Sunday, September 14, 2025

"Outdoors, minor!"

 "Sometimes my contribution [as a record producer] might have been as minimal as just saying, 'Shall we stop for a few minutes?... And then of course, other times I work like a normal musician. I say, 'Why don’t we have a G major instead of that B minor' or whatever. In fact, I nearly always say that, 'Why don’t we have a major instead of a minor?' It’s part of my destroy-minor-chords crusade that has been going on for 50 years or so"

- Brian Eno


Questions for people who know music from a musician's point of view:

- why would Eno take against minor chords? (Is it because they connote a "subtlety" that he finds middebrow, a too easy signaling of sophistication?)

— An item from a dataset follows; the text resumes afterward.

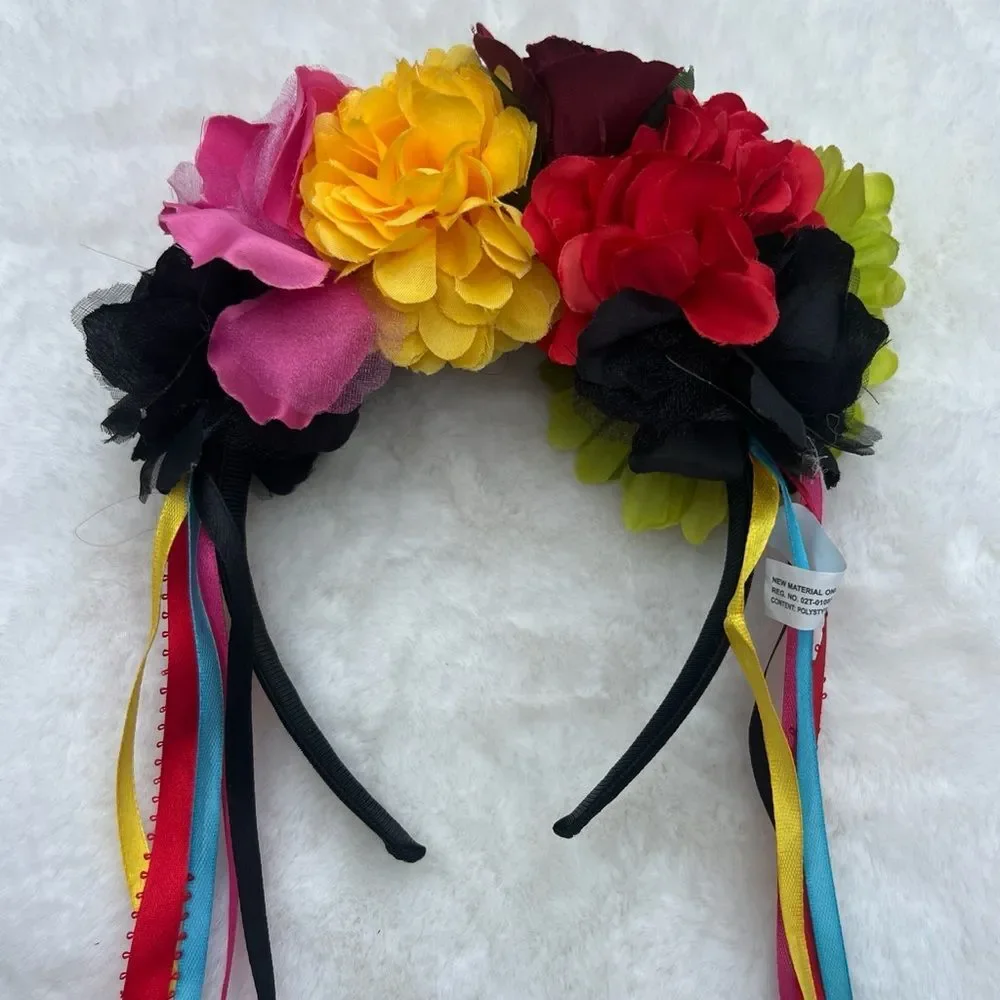 Día de los Muertos (Day of The Dead) Girl’s floral Headband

- does Eno in fact avoid minor chords in his work? I haven't inspected them with this in mind (and not wholly confident I would spot their presence) but I can't help thinking that the downbeat, dreamy-drifty songs on Another Green World and Before and After Science might feature some minor chords... 

1 comment:

  1. I lack the musical expertise to answer your question, I am afraid, but I love the quote. It reminds me of a great moment in the version of the aleatory Eno documentary that I saw, where David Bowie is being interviewed about him. He says (paraphrasing from memory): “You don’t write the music and lyrics: I do that. You don’t play the instruments: the band does that. You don’t do the production and engineering: Tony Visconti does that. So what do you do? Yeah, actually: what do you do?”

    ReplyDelete

"Outdoors, minor!"

 "Sometimes my contribution [as a record producer] might have been as minimal as just saying, 'Shall we stop for a few minutes?... ...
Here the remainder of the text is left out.